▶ DATA SHOWN
::::::::
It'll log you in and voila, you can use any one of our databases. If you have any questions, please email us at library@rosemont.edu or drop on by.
::::::::
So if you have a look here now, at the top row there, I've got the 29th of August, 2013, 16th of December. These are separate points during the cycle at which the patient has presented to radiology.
::::::::
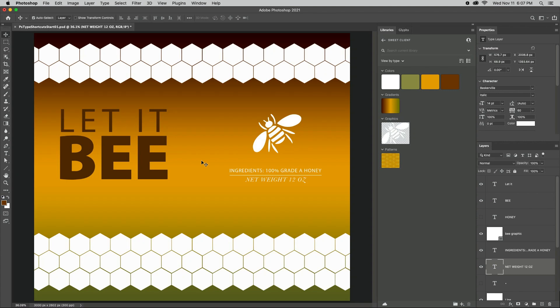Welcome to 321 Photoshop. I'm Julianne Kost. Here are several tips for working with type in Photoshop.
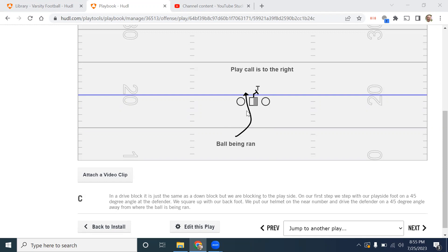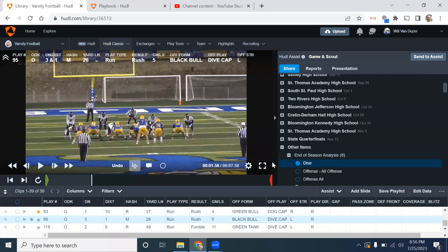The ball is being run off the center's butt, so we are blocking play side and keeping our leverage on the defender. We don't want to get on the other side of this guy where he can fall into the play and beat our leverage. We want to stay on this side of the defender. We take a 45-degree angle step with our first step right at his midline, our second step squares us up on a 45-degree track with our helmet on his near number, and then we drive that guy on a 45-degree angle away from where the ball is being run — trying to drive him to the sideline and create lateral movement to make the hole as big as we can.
::::::::
▶ WHAT THE TASK REQUIRES
Using the records given above, list every line that includes the word "have".

▶ RESPONSE
It'll log you in and voila, you can use any one of our databases. If you have any questions, please email us at library@rosemont.edu or drop on by.
So if you have a look here now, at the top row there, I've got the 29th of August, 2013, 16th of December. These are separate points during the cycle at which the patient has presented to radiology.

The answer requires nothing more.